Mac maker Apple Inc. is in the early developmental stages of a personal computer system that will rely exclusively on its revolutionary multi-touch technology rather than traditional input devices, investment bank Piper Jaffray said Tuesday.
The analyst's comments were included in the second installment of a three part series covering Apple's "3 Cylinder Engine." Like the first report on the Cupertino-based firm's iPhone business published Monday, the new segment presents his views on the future direction of the Mac business, how to think about PC market share, upcoming Macs, and the latest on the Apple ecosystem.
In the more immediate future, Munster advised clients to look out for likely upgrades to the iMac and Mac mini sometime in the next 90 days, and upgraded MacBook and MacBook Pros in time for the educational buying season (which typically heats up in the July timeframe.)
For the just-ended March quarter, he's forecasting Apple to report sales of between 2.0 million and 2.1 million Mac systems, above Wall Street consensus estimates of 1.95 million units, representing approximately 40 percent yearly growth.
Among the important drivers fueling sales of the company's personal computer line are iPhone & iPod halo effects, the analyst said.
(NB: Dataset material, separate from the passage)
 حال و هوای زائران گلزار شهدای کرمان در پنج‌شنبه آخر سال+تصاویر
He believes that by tightly integrating the elements of its ecosystem — the iPod, iPhone and Mac — the electronics maker is driving demand for its other two product categories with the sale of each third category product.
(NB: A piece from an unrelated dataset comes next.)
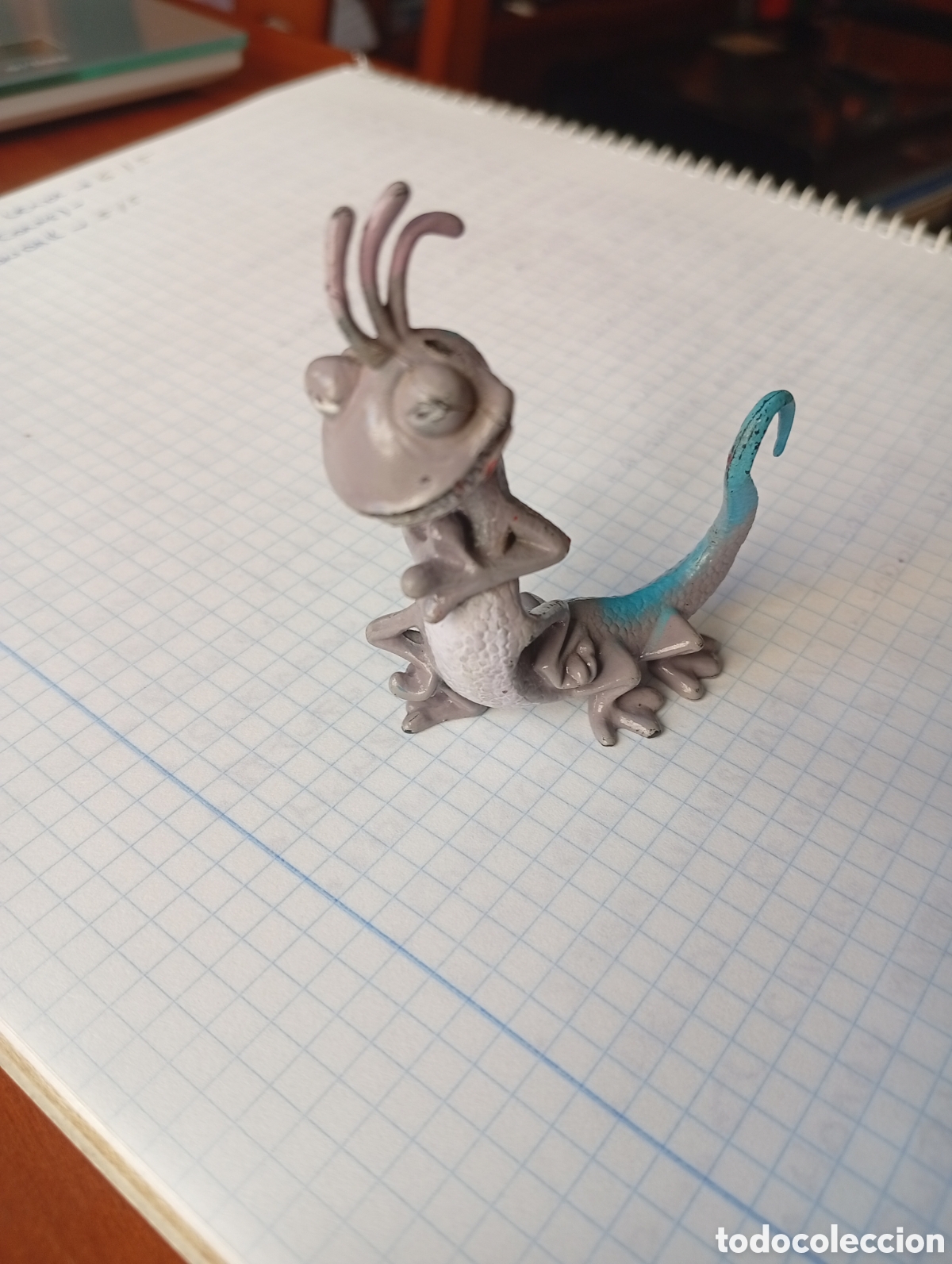 Figure di Gomma e PVC: MU&Ntilde;ECO FIGURA PVC MONSTRUOS S.A. RANDALL CAMALEON 2001 Disney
"In 2004, the iPod's third full year of sales, Apple sold more than twice as many iPods as it did Macs. And in the December 2007 quarter, Apple sold more iPhones than it did Macs," he wrote. "Clearly, these devices have enabled Apple to significantly expand its user base, which we believe will drive demand for Macs."
Munster noted that Apple has already managed to outpace the industry in terms of PC unit sales growth for the past three years, simultaneously raising the average selling price (ASP) of its systems amidst an industry pattern that has seen prices from rival PC makers trend downwards.
Nevertheless, the analyst said he's taking a conservative approach this year and modeling for Mac market share to remain relatively flat, or inline with the 2.9 percent worldwide share recently estimated by market research firm IDC. However, should Mac share rise just 60 basis points, it would added $0.89 or 17 percent to his calendar year 2008 per share earnings, he said.
At the same time, Munster advised clients that taking market share percentages from market research firms like IDC at face value may somewhat overstate Apple's opportunity, as those figures include sales to enterprises where Apple is not aggressively competing. At the same time, however, the company's opportunity in the sector remains vast.
"In the US, IDC indicates that Apple sold 4.2 million of the 67 million total PCs [in 2007]," he explained. "Again, if we assume 70 percent of those were Enterprise sales, then Apple's market share in the US was still just 21 percent."
In one final point presented in his Mac report Tuesday, the Piper Jaffray analyst also insinuated that Apple could also see incremental share gains should consumers begin to erode the notion that Macs cost 20 to 30 percent more than comparable Windows-based PCs.
"We took a closer look at some specific examples of buying comparably appointed Macs and PCs and found that on average, PC desktops are priced 16 percent lower than Macs, while PC laptops are priced 9 percent lower. This compares to similar checks we conducted almost 2 years ago in which we found PC desktops were 13 percent cheaper than Macs and PC laptops were 10 percent cheaper than Macs," he wrote. "We believe computer shoppers are willing to pay a premium (10 percent to 15 percent) for a Mac, and Mac sales would benefit if consumers realized that the actual premium is in fact 10 percent to 15 percent, as opposed to the perception that Macs are 20 percent to 30 percent more expensive."